# TRY IT
Reproduce, word for word, the lines in the material below starting with the one that has "Eastone Sdc70 +blackstar" and going on through the one that has "[D00H006] Muelle tensor". Leave out all pictures.

== LISTED ENTRIES

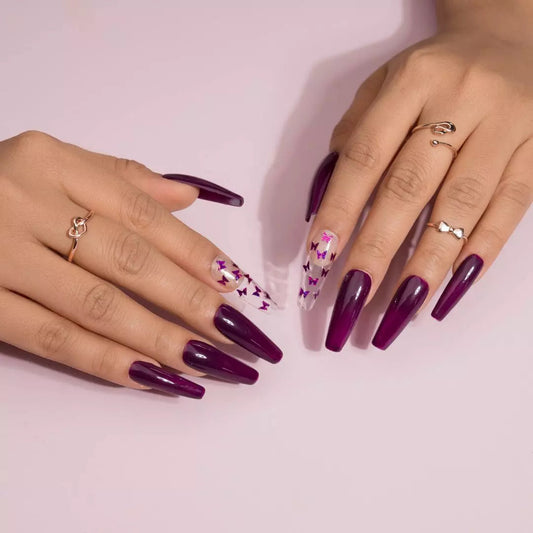 Clear Nail Art – Burgundy Butterfly Fake Nails Set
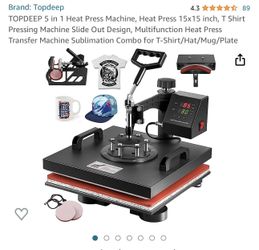 HEAT PRESS (15x15) 5 in 1 for Sale in Norco, CA - OfferUp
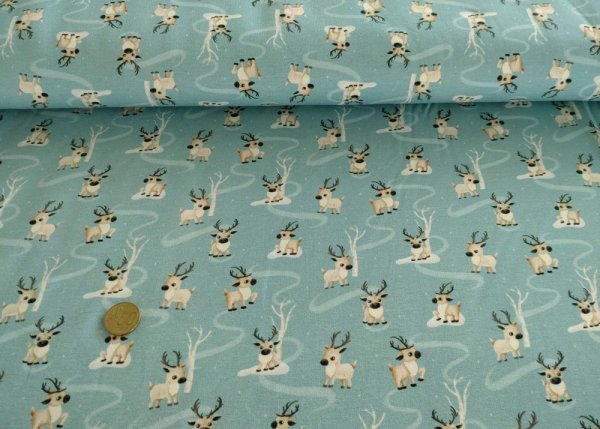 Happy Deer Hilco French Terry geraut in mint mit kleinen Rentieren Mrs Mint Design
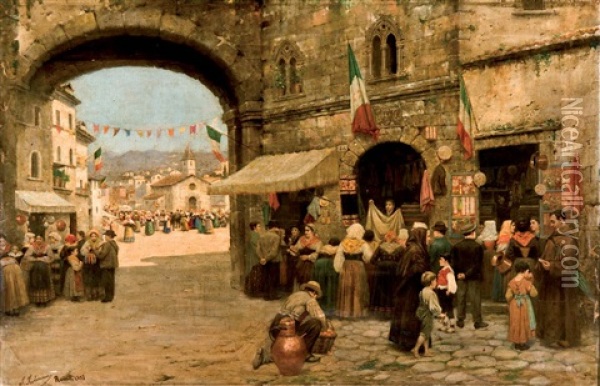 Dia De Mercado En Roma Oil Painting - Jose Juliana Albert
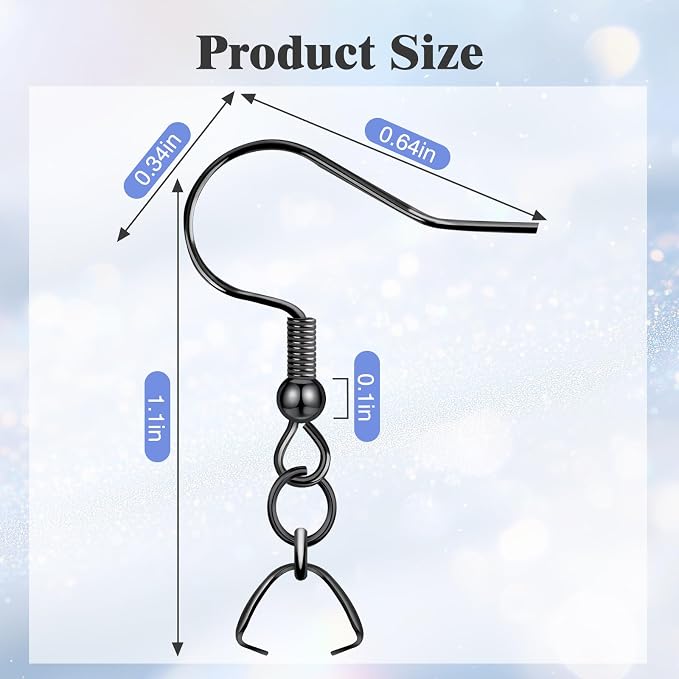 Earring Hooks 50PCS/25Pairs, Stainless Steel Ear Wires Fish Hooks, - Image 2
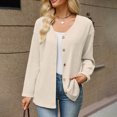thumbnail image 2 of Edvintorg Knit Cardigans for Women V Neck Long Sleeve Loose Casual Button Down Cardigan Women's Clothes Beige S-2XL, 2 of 5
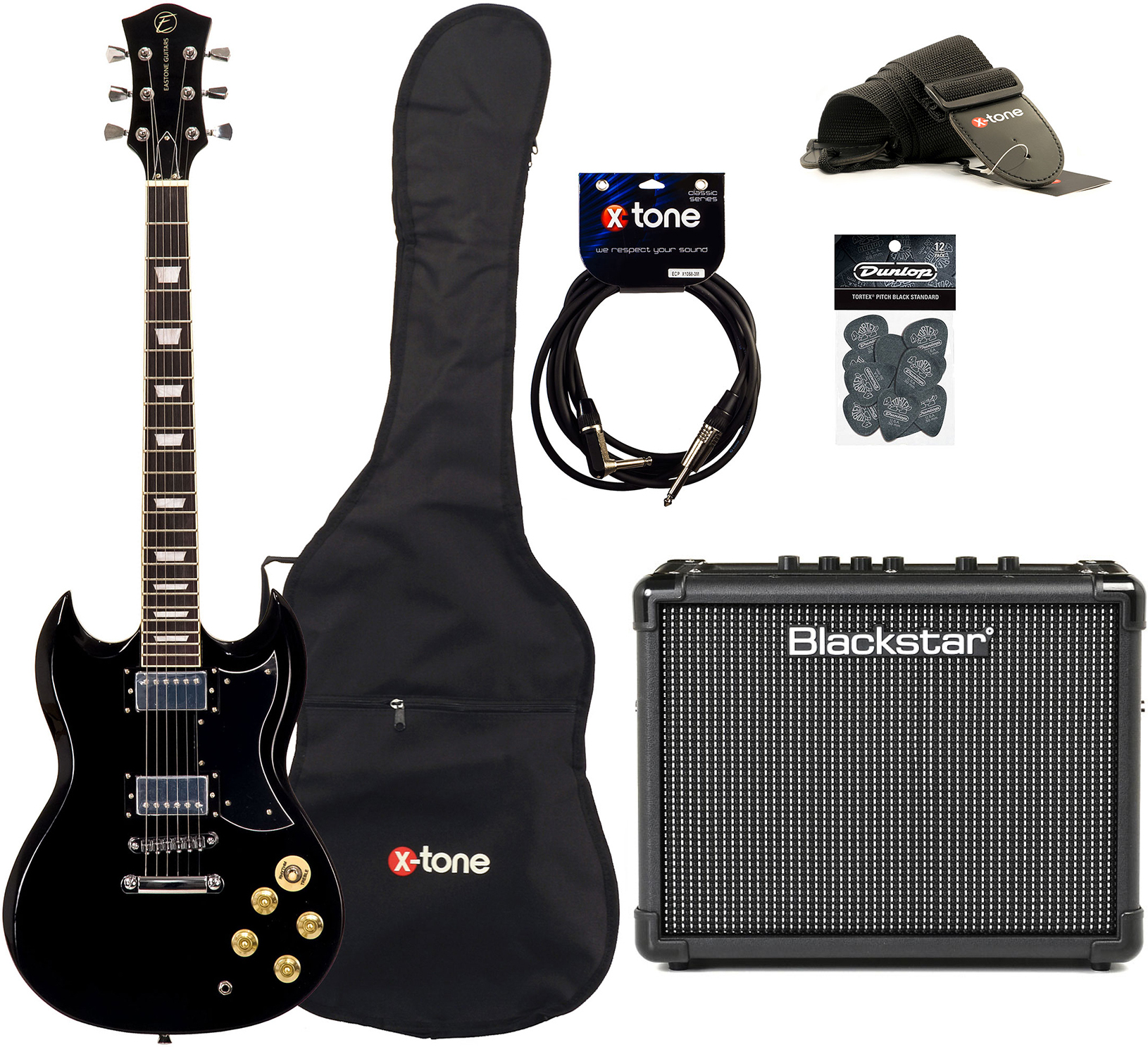 Eastone Sdc70 +blackstar Id Core Stereo 10 V3 +cable +housse +courroie +mediators - Black - Elektrische gitaar set - Main picture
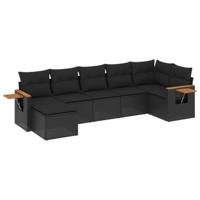 7-delige Loungeset met kussens poly rattan zwart - thumbnail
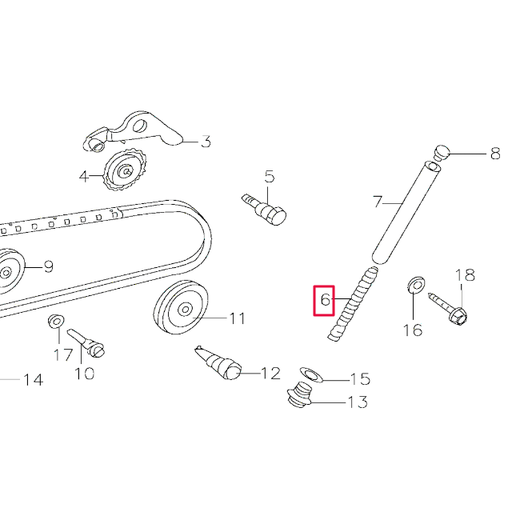 [D00H006] Muelle tensor cadena distribución Pitbike motor 150-3/E 150-5 YX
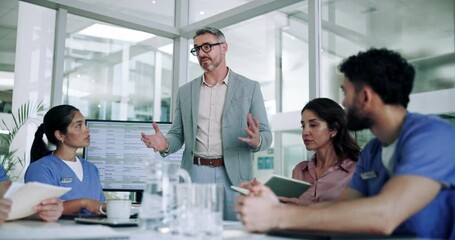 Workshop, presentation and doctors with business people in meeting for research grant, partnership and feedback. Healthcare, medical funding and approval with team in hospital for investment support - Powered by Adobe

====

# ANSWER TO THE EXERCISE
 Eastone Sdc70 +blackstar Id Core Stereo 10 V3 +cable +housse +courroie +mediators - Black - Elektrische gitaar set - Main picture
 7-delige Loungeset met kussens poly rattan zwart - thumbnail
 [D00H006] Muelle tensor cadena distribución Pitbike motor 150-3/E 150-5 YX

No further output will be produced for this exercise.